Launch of the Sustainable Food Cities Network
12 October 2011
An event in Bristol today [12 October] sees the launch of a UK-wide Sustainable Food Cities Network which will help cities develop and promote healthy and sustainable food programmes. The Network will be crucial as these cities work to tackle a growing epidemic of diet-related ill-health and the negative economic and environmental impacts of the UK’s current food system. It will be supported by the Soil Association alongside a number of other national NGOs including Co-operatives UK, FareShare, Food Matters, Garden Organic, Plunkett Foundation, and Sustain.
The event, which is organised by the Soil Association in partnership with Cardiff University and Bristol City Council, will be bringing together representatives from 20 UK cities including Brighton and Hove, Bristol, Cardiff, Coventry, Leicester, Manchester, Plymouth and Sheffield.
One of the key discussions will be how to get policy-makers more committed to supporting healthy and sustainable food.
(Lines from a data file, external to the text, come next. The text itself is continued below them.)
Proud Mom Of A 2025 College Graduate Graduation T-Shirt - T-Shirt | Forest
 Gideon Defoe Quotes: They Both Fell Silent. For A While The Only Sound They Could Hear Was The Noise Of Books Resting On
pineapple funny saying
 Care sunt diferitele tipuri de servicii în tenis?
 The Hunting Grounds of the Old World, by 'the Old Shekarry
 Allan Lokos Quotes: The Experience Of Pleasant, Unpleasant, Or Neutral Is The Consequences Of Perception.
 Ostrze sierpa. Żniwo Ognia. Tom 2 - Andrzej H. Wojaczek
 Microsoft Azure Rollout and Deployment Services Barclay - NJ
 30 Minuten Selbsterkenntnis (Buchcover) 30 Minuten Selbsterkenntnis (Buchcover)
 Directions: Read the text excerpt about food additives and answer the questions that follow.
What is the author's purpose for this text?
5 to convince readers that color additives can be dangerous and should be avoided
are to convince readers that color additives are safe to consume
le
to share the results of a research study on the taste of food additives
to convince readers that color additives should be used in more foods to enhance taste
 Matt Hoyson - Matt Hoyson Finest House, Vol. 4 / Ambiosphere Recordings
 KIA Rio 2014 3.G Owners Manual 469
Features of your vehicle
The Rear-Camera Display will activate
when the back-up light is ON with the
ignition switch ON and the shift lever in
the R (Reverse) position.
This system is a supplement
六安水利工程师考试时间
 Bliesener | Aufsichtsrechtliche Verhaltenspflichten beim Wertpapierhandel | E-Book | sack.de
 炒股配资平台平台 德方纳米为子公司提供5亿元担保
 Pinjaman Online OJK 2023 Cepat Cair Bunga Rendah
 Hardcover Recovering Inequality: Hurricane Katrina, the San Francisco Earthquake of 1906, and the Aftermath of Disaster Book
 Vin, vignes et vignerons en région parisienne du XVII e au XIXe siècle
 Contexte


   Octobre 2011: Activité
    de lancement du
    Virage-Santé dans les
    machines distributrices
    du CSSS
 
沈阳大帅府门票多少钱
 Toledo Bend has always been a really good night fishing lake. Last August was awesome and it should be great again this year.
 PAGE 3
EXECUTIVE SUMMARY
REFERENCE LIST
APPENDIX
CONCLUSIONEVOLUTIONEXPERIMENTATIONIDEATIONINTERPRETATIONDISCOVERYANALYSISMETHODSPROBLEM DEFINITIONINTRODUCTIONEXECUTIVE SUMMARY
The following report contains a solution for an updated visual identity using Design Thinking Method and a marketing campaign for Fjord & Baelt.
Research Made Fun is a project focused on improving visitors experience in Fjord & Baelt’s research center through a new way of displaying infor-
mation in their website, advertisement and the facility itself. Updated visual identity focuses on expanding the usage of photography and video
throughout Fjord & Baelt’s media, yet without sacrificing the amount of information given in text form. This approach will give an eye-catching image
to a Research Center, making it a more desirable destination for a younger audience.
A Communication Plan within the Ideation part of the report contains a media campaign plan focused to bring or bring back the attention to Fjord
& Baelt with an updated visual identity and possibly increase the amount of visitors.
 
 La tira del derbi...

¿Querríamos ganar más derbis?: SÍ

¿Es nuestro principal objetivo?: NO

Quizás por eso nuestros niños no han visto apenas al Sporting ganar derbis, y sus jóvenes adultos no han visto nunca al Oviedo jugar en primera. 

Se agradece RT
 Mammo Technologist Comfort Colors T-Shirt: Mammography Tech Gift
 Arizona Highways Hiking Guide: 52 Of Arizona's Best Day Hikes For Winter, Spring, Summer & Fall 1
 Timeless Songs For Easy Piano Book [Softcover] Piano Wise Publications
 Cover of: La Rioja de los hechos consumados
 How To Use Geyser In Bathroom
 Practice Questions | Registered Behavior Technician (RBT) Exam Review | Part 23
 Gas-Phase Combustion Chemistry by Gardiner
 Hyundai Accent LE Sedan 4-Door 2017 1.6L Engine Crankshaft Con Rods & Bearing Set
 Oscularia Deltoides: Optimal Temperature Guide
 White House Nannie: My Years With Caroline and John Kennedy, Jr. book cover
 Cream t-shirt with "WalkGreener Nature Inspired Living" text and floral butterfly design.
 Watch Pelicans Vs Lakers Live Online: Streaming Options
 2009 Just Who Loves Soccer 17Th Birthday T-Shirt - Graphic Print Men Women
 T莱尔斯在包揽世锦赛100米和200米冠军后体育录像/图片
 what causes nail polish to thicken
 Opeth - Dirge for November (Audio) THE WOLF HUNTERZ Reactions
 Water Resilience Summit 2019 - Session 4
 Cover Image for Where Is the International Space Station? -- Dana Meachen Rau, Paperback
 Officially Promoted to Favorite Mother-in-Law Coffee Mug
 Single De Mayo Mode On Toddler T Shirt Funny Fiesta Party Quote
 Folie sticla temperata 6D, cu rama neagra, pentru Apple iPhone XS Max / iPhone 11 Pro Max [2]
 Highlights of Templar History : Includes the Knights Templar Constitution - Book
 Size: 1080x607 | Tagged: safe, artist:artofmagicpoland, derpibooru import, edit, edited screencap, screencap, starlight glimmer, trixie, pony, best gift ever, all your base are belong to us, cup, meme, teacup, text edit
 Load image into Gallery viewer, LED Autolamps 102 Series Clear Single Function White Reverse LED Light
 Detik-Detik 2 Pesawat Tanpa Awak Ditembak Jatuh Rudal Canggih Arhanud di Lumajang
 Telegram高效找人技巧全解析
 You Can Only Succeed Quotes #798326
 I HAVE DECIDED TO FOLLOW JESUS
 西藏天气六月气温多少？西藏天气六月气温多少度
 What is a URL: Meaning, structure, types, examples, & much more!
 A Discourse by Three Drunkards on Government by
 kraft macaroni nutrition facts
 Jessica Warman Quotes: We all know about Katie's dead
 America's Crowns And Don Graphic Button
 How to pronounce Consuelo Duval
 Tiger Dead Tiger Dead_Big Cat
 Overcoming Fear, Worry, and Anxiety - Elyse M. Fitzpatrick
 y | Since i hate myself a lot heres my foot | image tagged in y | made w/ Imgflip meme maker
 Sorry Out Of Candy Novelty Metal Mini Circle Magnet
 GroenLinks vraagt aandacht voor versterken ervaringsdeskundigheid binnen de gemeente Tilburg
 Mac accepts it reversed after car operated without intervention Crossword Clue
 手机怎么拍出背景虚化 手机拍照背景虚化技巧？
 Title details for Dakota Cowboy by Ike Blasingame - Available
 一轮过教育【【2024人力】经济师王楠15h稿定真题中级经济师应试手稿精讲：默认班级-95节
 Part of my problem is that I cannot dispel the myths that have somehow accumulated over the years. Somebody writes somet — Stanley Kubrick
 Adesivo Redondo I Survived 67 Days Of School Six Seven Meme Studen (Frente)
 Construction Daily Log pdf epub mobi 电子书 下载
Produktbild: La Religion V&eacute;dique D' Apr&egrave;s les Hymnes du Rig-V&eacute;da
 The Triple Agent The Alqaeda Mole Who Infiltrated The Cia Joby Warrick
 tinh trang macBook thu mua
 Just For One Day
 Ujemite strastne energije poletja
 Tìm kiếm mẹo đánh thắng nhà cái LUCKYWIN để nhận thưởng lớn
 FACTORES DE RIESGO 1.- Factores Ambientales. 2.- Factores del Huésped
The event will also look at how best to measure the positive social, economic and environmental impacts these programmes are having, both locally and globally.
What does a sustainable food city look like?
This will depend on the circumstances and opportunities in each city, but the overarching aim is to give as many people as possible the knowledge and skills to access affordable healthy and sustainable food in a way that tackles food poverty and diet-related ill-health; promotes local economic prosperity for farmers and food businesses; and minimises the negative environmental impacts of food in terms of climate change, biodiversity loss and waste.
Tom Andrews, Soil Association Programmes Director, said:
“A number of pioneering cities have recognised the key role food can play in dealing with some of today’s most pressing problems – obesity and diabetes, food poverty and waste; climate change and biodiversity loss; clone towns and declining prosperity - and are making healthy and sustainable food a top priority in their efforts to help local communities. This event is about showcasing some of the amazing work being done in cities across the UK and hopefully inspiring others to embark on a similar journey.”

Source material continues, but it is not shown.